The head of the first one was still trying to attack him. He kicked it away and then melted it with a direct shot.

"You should have quit while you were a head.... HA!"

The screeching sirens of the police arrived and several officers came running up to him. "Furious Squirrel, we got reports of attackers in the park."

Furious looked around to be certain the enemies were gone and then put his gun away. "There were two marshmallow bunnies attacking people."

"Marshmallow bunnies?" The officer frowned.

"They were like zombies."

The officer paused and looked at one of his fellow cops, then back at Furious. "Zombie marshmallow bunnies. Uh, sorry to ask this, but are you feeling okay?"

"I'm fine. But, I might have a hard time selling this story to BADGE. Do me a favor and clear the park and put some officers on the outside for now. I think I know who I can talk to that might help."

The officer said, "You've never steered us wrong, Furious. We'll keep this place secure."

"If you see any more bunnies or egg soldiers, don't hesitate to shoot. They are dangerous."

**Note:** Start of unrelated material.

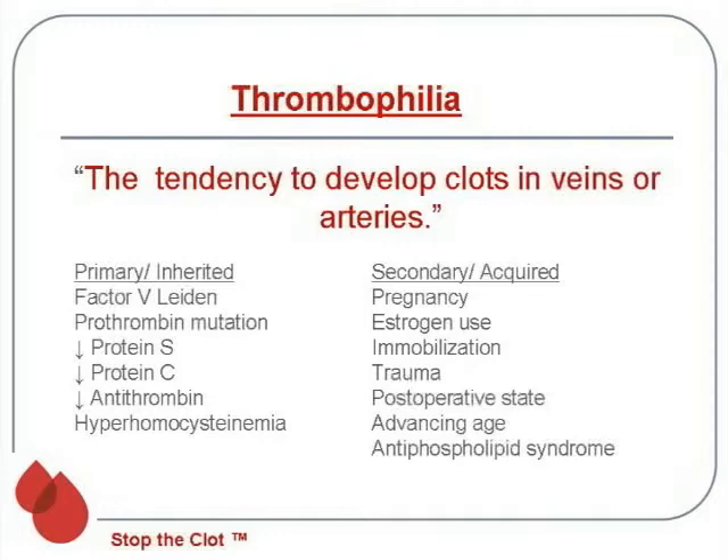Additional secondary or acquired causes of blood clots include immobilization, trauma, postoperative or post-surgical state, advancing age, and of course the very important antiphospholipid syndrome.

The officer looked a little worried about Furious, but said, "Will do."

"I'll be back. EB! BEAM ME UP!"

This drew further confusion from the cop, which was only compounded when flower petals appeared and he Furious was suddenly zapped away in a flash.

Furious Squirrel stood still as he waited for what was going to happen in less than five seconds. Right on cue, here comes EB racing up to him.

"FURIOUS!" EB plowed into Furious and was hugging his leg.

Furious casually said, "You know, this looks kinda bad the way you hug my leg."

EB jumped off. "Ew, that's gross. I never took you for that kinda dirty mind."

"Sorry. You're the one hugging legs."

"Did you call for me to transport you just to make fun of me?" EB asked.

Furious said, "Nope. I have found some stuff and I want to know if you have any idea who might be behind this."

"Great, whatcha got?"

Furious explained in detail what has transpired with the egg soldier, the zombie peeps, and the park.

EB hopped around as he contemplated all this. He paused and then slowly put his paw on his face. "Oh, don't tell me. Yup, it has to be that nutter. Seriously, with this guy."